PRINCETON: Ingrid Reed lives and breathes policy and politics

By Philip Sean Curran, Staff Writer
Ingrid Reed has her arms folded standing in front of the 20 or so people in the Princeton Public Library on Monday to hear her talk about the issues facing New Jersey.
“And it’s really hard to be an elected official and make choices and set priorities when you are under strained fiscal conditions as we are,” she said at one point during the second installment of a five-part discussion series she is leading each Monday, starting at 5 p.m., through Oct. 23.
Reed, formerly of the Eagleton Institute, is talking policy and politics — things she lives and breathes. This day’s topic deals with the energy and the environment.
With the gubernatorial election about 30 days away, she seeks to bring her policy analyst’s perspective to a state known for its political wheeling and dealing. She wants the public to press the candidates, to go beyond what she termed “bland generalities” for answers on the “awful lot of problems” New Jersey has.

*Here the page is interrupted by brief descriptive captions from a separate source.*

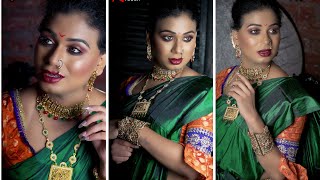 Male to Female Transformation  Maharashtrian Makeup Look  Best MtF Makeup Transformation [upl. by Enyaj]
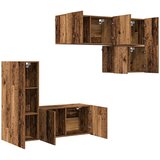  TV zidna jedinica 5 kom. Staro drvo Konstruirano drvo Smeđa 40,5 x 30 x 102 cm | shoptok.hr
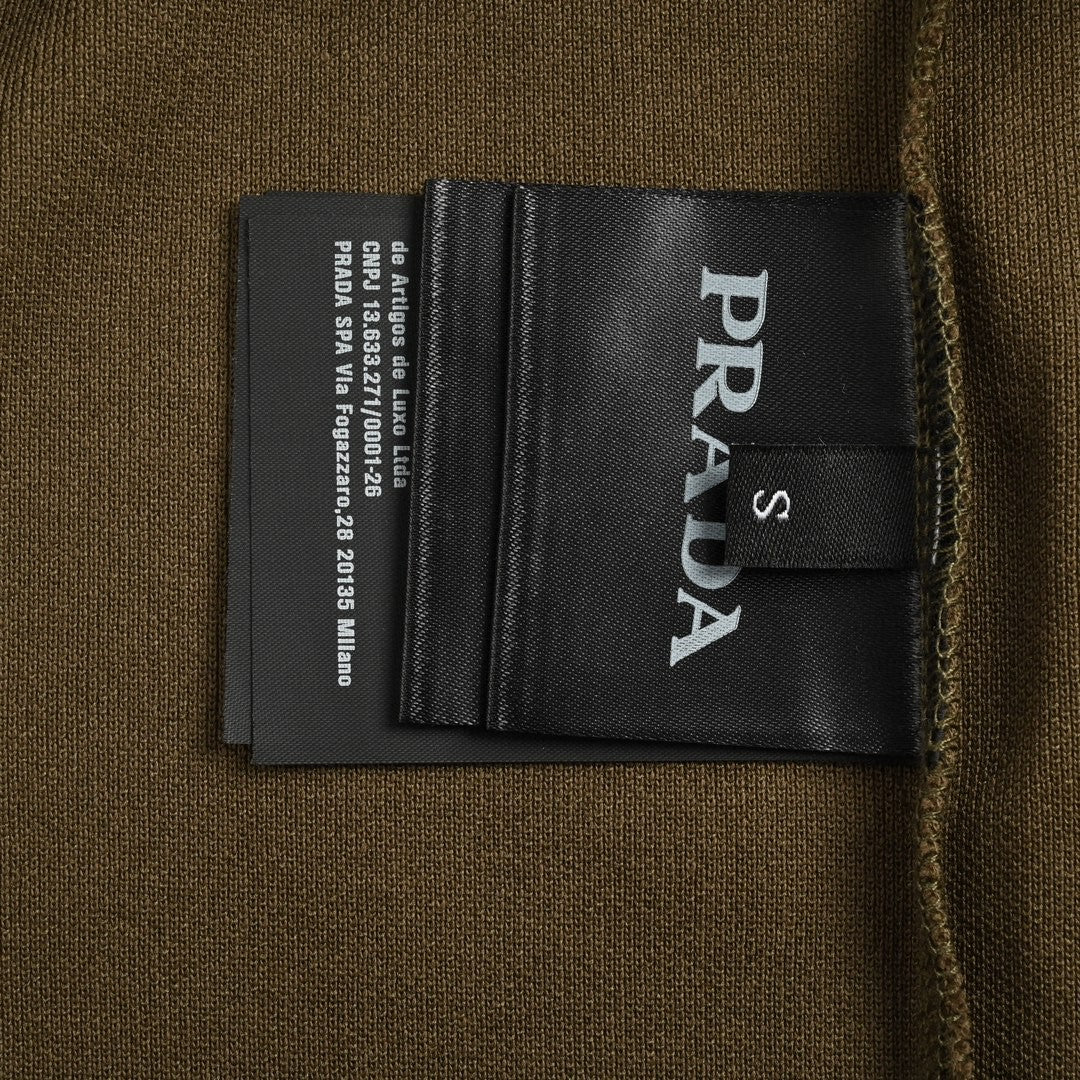 Pra*a classic olive green polo shirt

“So I think the best thing that can happen in this election season is for all of the candidates to hear very specific questions from citizens who are interested in what are the problems and how they’re going to deal with them,” she said. “Well, ask them what are they going to do to encourage solar and wind production in New Jersey and where do they think the responsibility should be for that.”
In a brief interview afterward, she laughs when asked if these are like college-level courses.

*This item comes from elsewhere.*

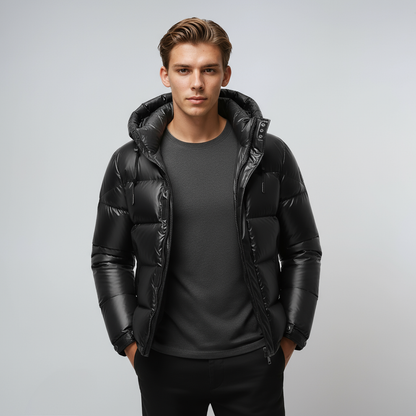 Winterjas - Heren - Gevoerd Capuchon - Warme Jassen - Stijl
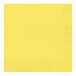 A Creative Converting Mimosa Yellow napkin with a diamond pattern.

“We want people to have a chance to confirm for themselves that these are issues. And then what I try to do is simplify it but also sort of provide a context for it,” she said. “I mean, there’s no point in discussing, for example, what you want the governor to do for the environment if you don’t have some understanding of what our fiscal condition is.”
Later, she sized up the governor’s race between Republican Lt. Gov. Kim Guadagno and former ambassador and Goldman Sachs executive Phil Murphy, the Democratic front-runner.
“I’m sort of surprised that neither party seems to be engaged in their candidate’s election, that it seems to be the candidates are running their own campaigns and I don’t feel that energy of Democrats getting behind Murphy and Republicans getting behind Kim Guadagno,” she said.
She said part of that is probably because people see the contest as a forgone conclusion, with Murphy ahead by double digits. A Monmouth University poll out this week has him leading her by 14 points.
So while Murphy and Guadagno march toward Nov. 7, Reed will keep a close eye out.
“If I weren’t doing this, I would be smelling the roses. It’s just so much fun,” she said. “I love being engaged with people who want to know and want to do things.”